▸ WORK INSTRUCTION
Look below for the line that has "[9788417447021] Labrando su destino"; output exactly from it through the line that has "What Your Preacher", and leave the pictures out.

▸ DATA TO USE
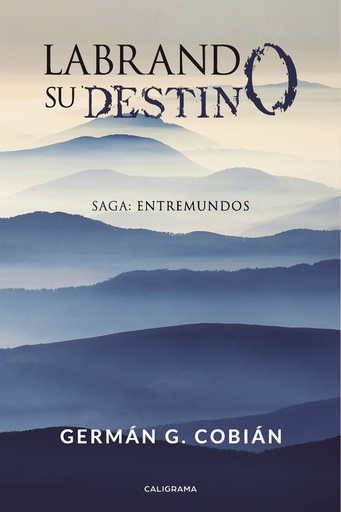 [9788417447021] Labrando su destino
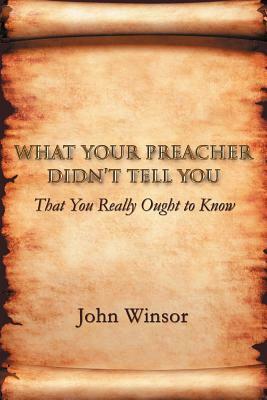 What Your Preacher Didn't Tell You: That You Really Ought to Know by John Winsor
* * *
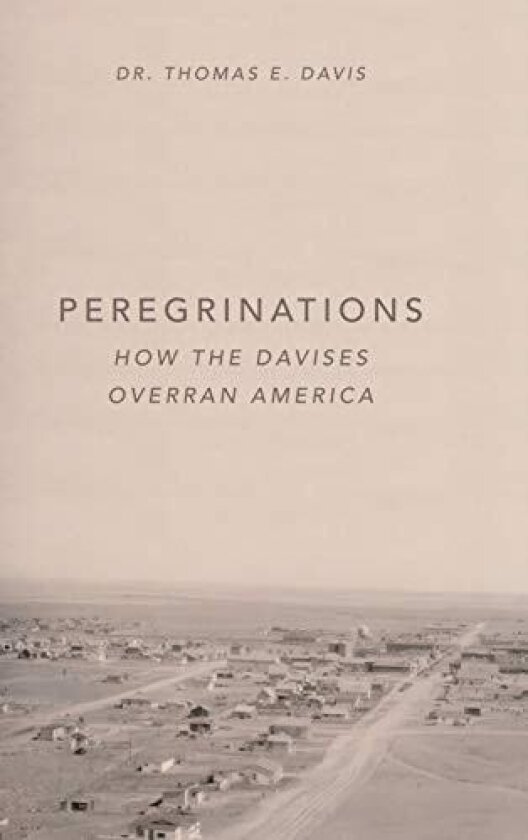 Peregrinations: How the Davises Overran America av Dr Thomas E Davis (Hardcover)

▸ ANSWER TO THIS TASK
 [9788417447021] Labrando su destino
 What Your Preacher Didn't Tell You: That You Really Ought to Know by John Winsor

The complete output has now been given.